Nel tuo nuovo album sono presenti vari temi, quali per esempio il lasciarsi andare, le vertigini, i ricordi. Verrebbe da dire che lasciarsi andare ai ricordi provoca vertigini, soprattutto ascoltando il brano “Lezioni di volo”. Mi racconti un po’ cosa ne pensi?
“Lezioni di volo” rappresenta l’idea di uccidere la paura di sentirsi liberi. Intendo libertà in senso umano e artistico. Inoltre, mi rendo conto che alcune cose del passato che sono andate storte spesso erano dovute a un auto-sabotaggio. Ho deciso quindi di fare un passo indietro, anche con le produzioni musicali. Mi son detto di fare un disco in primis per me, poi per chi l’ascolta. Sono contento che il mio team abbia sposato questa idea. Del resto, l’album in sé nasce con 20 brani, ne abbiamo presi 10. Quindi presto ci sarà un nuovo disco (ride, ndr)
E hai avuto le idee chiare sin da subito in fatto di scegliere i brani, di sonorità e di intenzioni?

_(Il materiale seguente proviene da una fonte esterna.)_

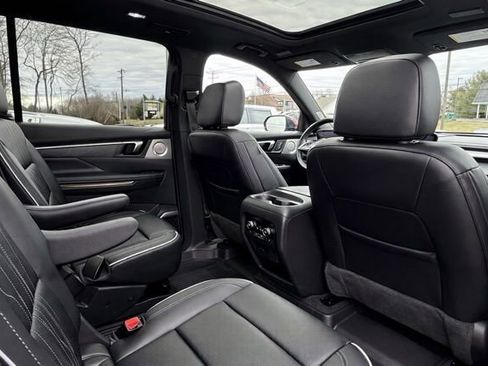 Used 2025 Buick Enclave Avenir w/ Super Cruise Package AWD/4WD image 19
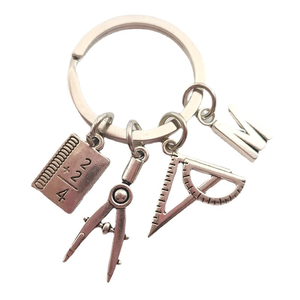 Portachiavi Minimalista in Lega di Zinco con Righello e Bussola a Cartone Animato, 26 Lettere, Semplice, Commemorativo per la Festa degli Insegnanti, per lo <span class=keywords><strong>Studio</strong></span> degli Studenti - Product Image 6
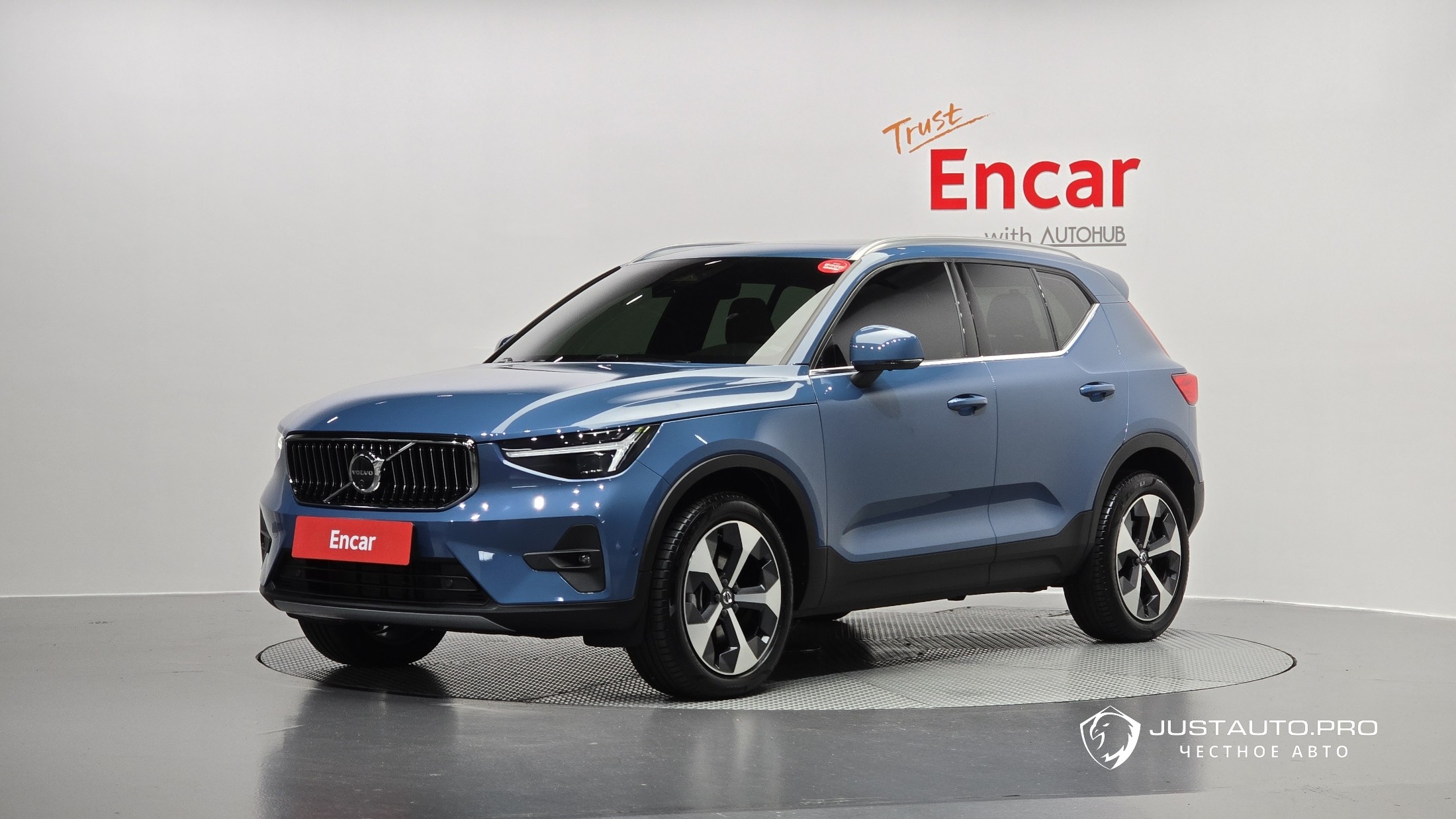 Автомобиль Volvo XC40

Ho ragionato su questo con Riccardo Scirè e le idee sono sorte come un colpo di fulmine. Le sonorità ce le avevamo entrambi già chiare in mente. È stato un album che ho fatto senza ansia, senza eccessive discussioni. “Vertigini” è la prima canzone che ho scritto durante la quarantena e col tempo mi son reso conto di starmi mettendo sempre più a nudo. Ecco, il fatto che sarebbe stato un album in un certo senso biografico, è qualcosa di cui mi sono accorto successivamente.

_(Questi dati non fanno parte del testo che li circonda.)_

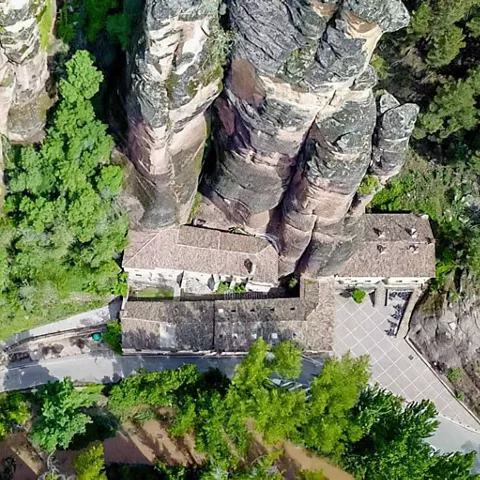 Complejo arquitectónico encajado entre grandes bloques rocosos.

C’è una frase del tuo brano “Nonno Bruno” che dice “Com’è il mondo senza la terra sotto i piedi?”. Cosa vuoi esprimere?
Ecco, la frase è catartica, come questo momento. Ecco, la morte è un mistero. Mi riferisco a mio nonno: l’unica cosa che so per certa è che lui, in questo momento, non ha i piedi su questa terra. Ogni volta che ne parlo mi viene da piangere. Vado spesso a trovarlo al cimitero. Gli ho anche fatto sentire la canzone, così, a volume basso.
Grazie per questo spaccato di vita. Un tuo brano si intitola “Prima che mi perda ancora”. A me piace pensare che il perdersi sia un modo alternativo per ritrovarsi. Forse perdersi è anche una scelta. Tu come la vedi?
Io mi son perso nel periodo in cui ho avviato la carriera. Secondo me ognuno vive sul piano della vita reale e parallelamente sul piano dell’ego. Stavo perdendo il focus. La musica stava andando in secondo piano. Ecco cosa significa perdersi per me. Perché per il resto c’è Google Maps. E quindi “Conto piano piano fino a dieci in automatico, prima che mi perda ancora”.